Take from the entries below the stretch from the line with "live sex cam" through the line with "Heart Shape Earrings", and return it exactly, leaving the pictures out.

== Record set ==
□ □ □ □ □

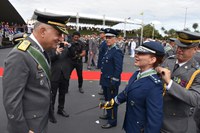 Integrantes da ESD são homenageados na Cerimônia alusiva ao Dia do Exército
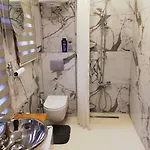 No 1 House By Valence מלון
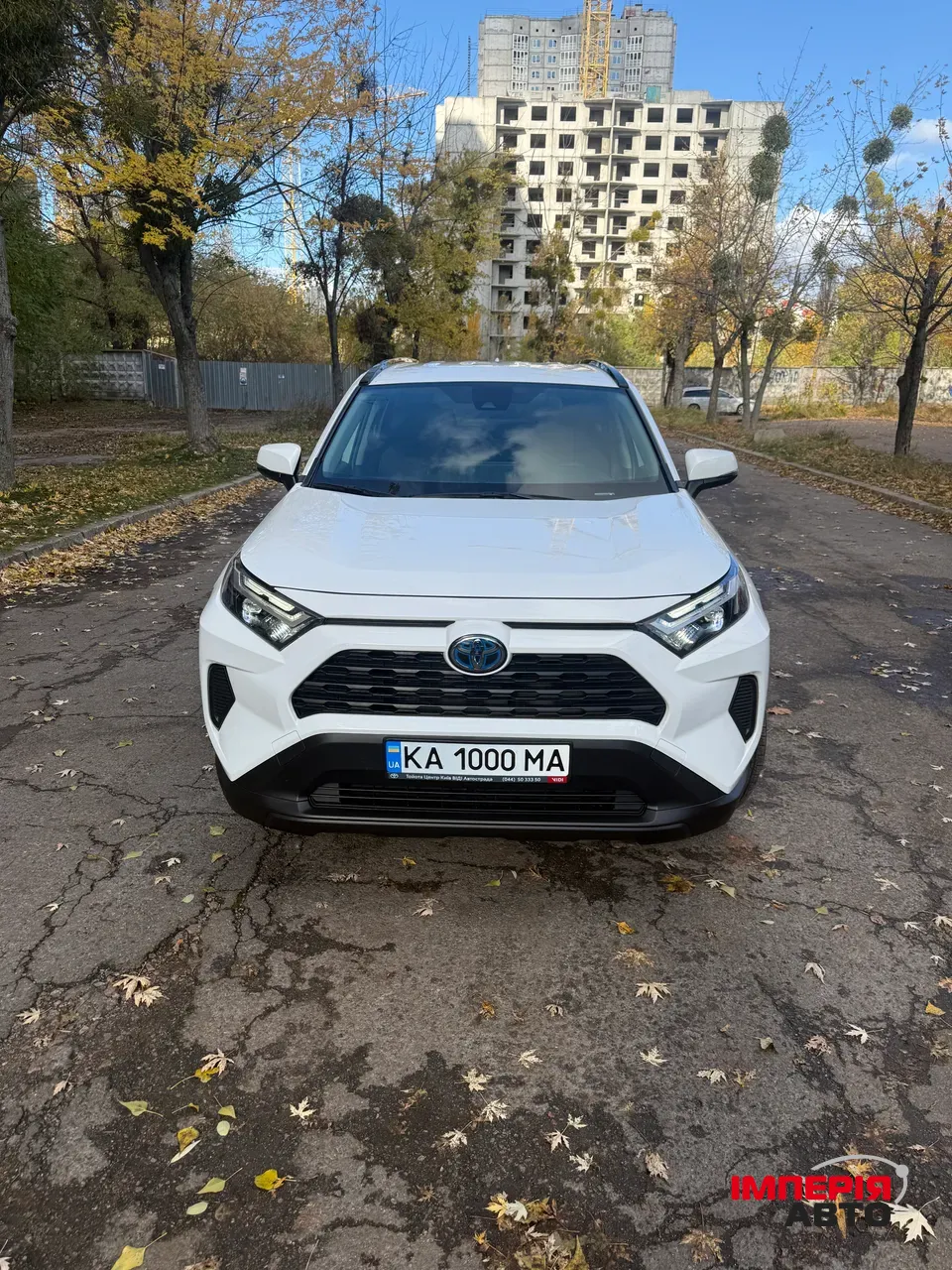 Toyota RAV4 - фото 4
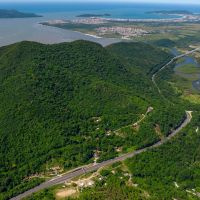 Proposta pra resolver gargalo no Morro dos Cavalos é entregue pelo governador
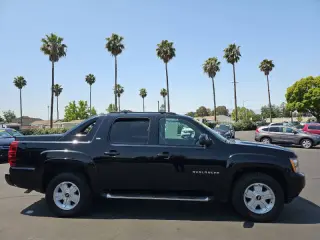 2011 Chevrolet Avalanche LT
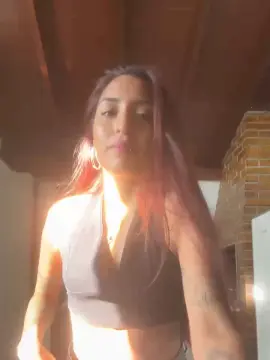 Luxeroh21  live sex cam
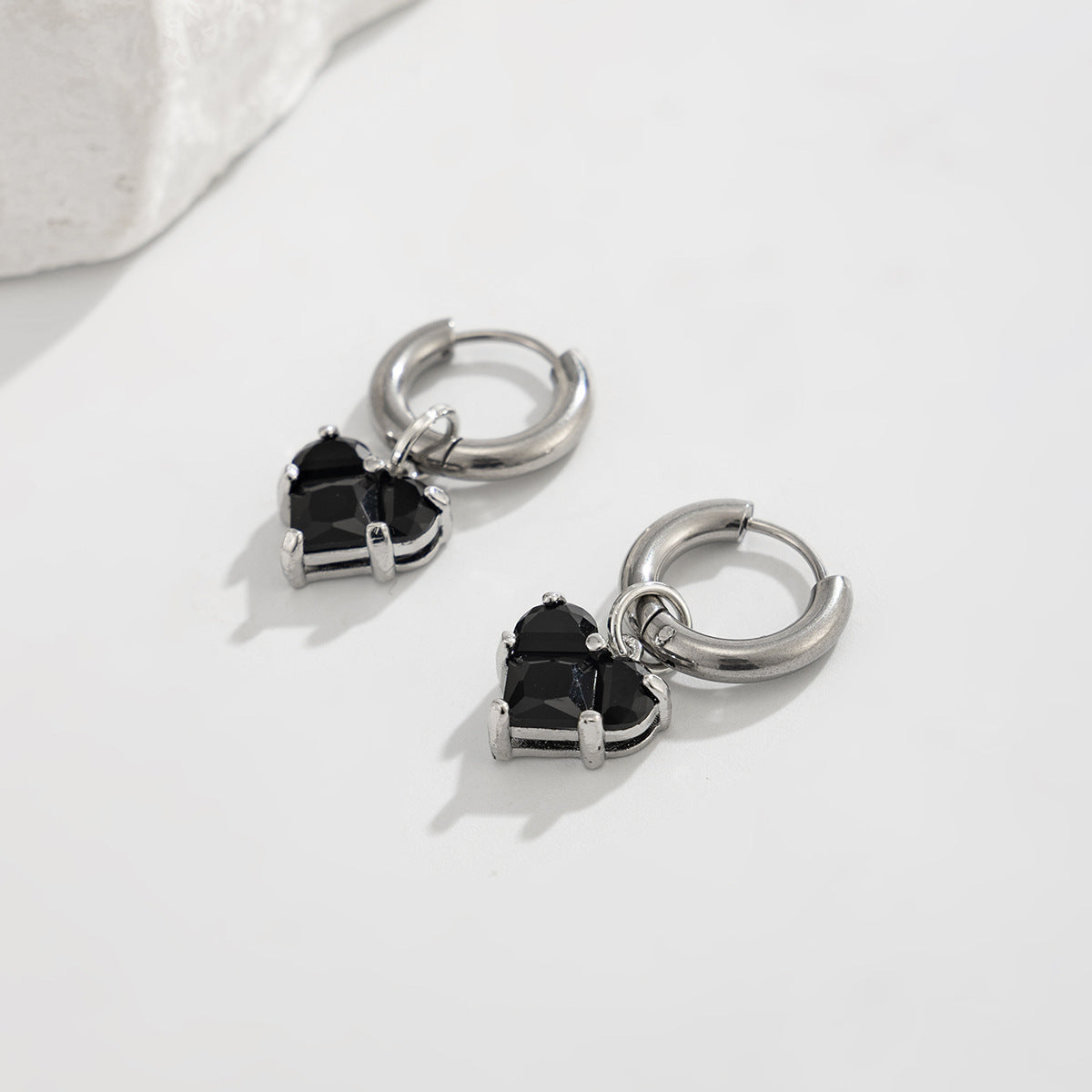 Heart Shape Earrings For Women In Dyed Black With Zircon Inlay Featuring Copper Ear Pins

□ □ □ □ □

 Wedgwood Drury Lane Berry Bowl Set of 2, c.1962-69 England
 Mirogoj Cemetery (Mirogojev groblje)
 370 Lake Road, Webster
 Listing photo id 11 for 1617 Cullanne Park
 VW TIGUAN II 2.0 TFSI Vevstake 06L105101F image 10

□ □ □ □ □

== Result of the task ==
 Luxeroh21  live sex cam
 Heart Shape Earrings For Women In Dyed Black With Zircon Inlay Featuring Copper Ear Pins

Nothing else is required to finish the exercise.